Park Slope’s Old First Reformed Church and Community Bookstore and local advocacy group Park Slope Neighbors are joining forces to present a reading and community forum featuring award-winning investigative journalist — and Park Slope resident — Elizabeth Royte.

Royte will read from her acclaimed new book “Bottlemania: How Water Went on Sale and Why We Bought It” at the Old First Reformed Church, Seventh Avenue and Carroll Street, September 25 at 7 p.m. Admission is free.

“Bottlemania: How Water Went on Sale and Why We Bought It” is an illuminating albeit distressing look at the people, machines, economies, and cultural trends that have made bottled water a $60-billion-a-year phenomenon even as it threatens local control of a natural resource and litters the landscape with plastic waste.

Royte will be joined by Jay Simpson, staff attorney at the environmental advocacy group Riverkeeper. Mr. Simpson, who will speak about his work as a member of Riverkeeper’s Watershed Team, investigates and prosecutes Clean Water Act violations, fights sprawl in the Hudson River watershed, and works with community groups to protect our public drinking-water supply.

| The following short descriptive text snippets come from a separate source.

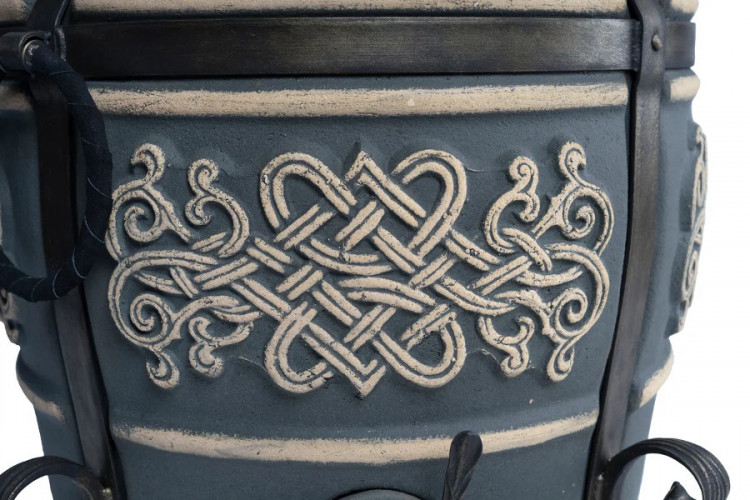 Тандыр Тамерлан в Барнауле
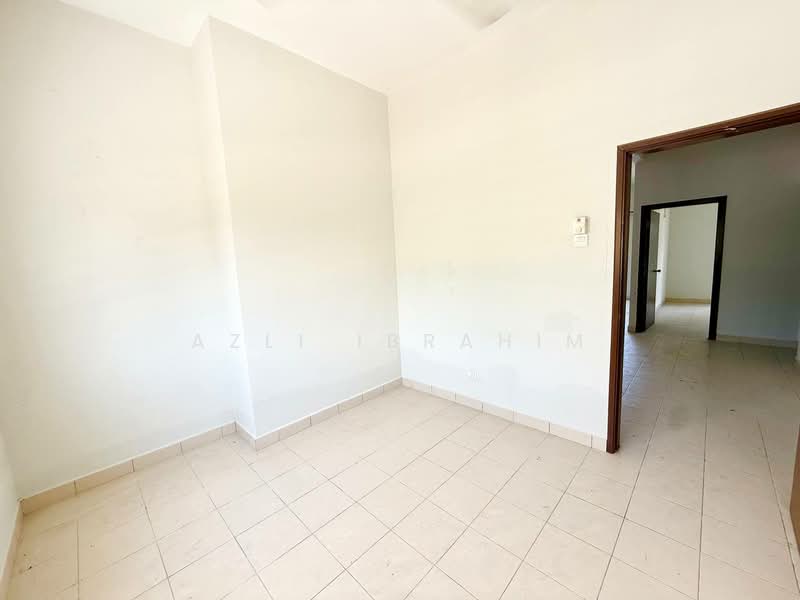 Kondominium untuk Dijual di Embun Residence - Azli Ibrahim - Interior - PropertyGuru.com.my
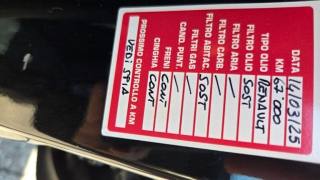 RENAULT Kadjar usata, con Controllo trazione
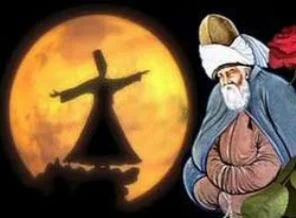 Keykubad'ın Mevlânâ'ya mektubu bulundu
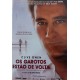Dvd Os Garotos Estão de Volta, Clive Owen Dvd Os Garotos Estão de Volta, Clive Owen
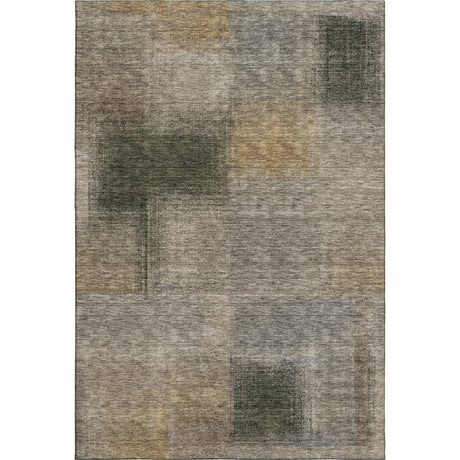 Dalyn Trevi TV10 Mocha Rug main image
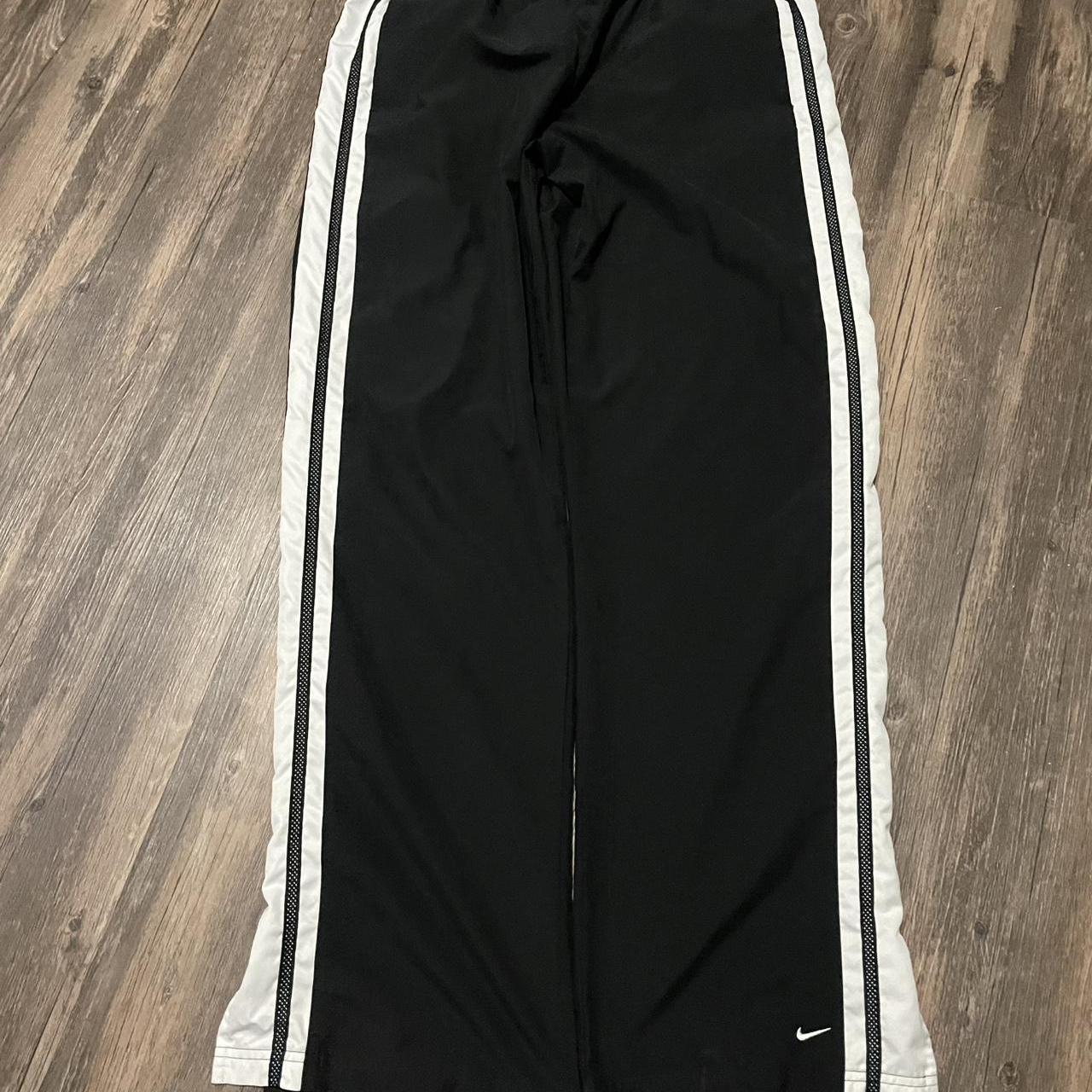item listed by brandowardrobe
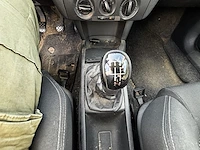 Skoda fabia sw 1 4 tdi ambiente,2006 - afbeelding 6 van  33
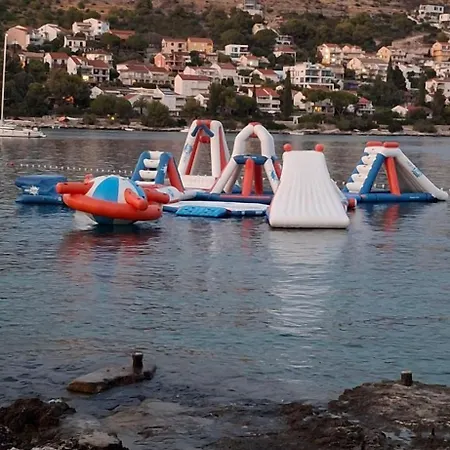 Apartamento Maja Trogir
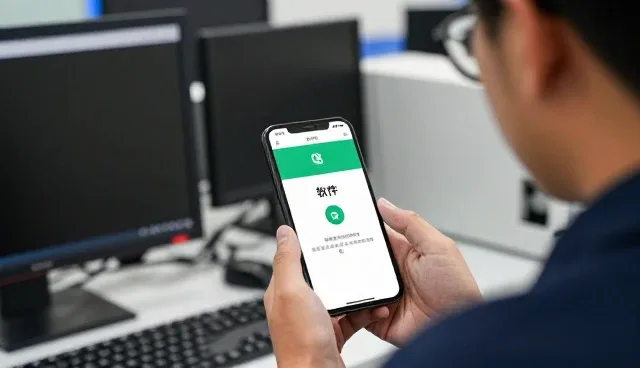移动端应用应用基础知识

Royte will read selections from “Bottlemania,” and will talk about the bottled-water backlash, what’s right and wrong with the nation’s tap water, and will explain why even New Yorkers with well-water should be concerned about whose hand controls the faucet. She and Simpson will also take questions from the audience.

The Community Bookstore, 143 Seventh Avenue, will have copies of “Bottlemania” available for purchase, and Royte will be signing copies of her book at the end of the evening.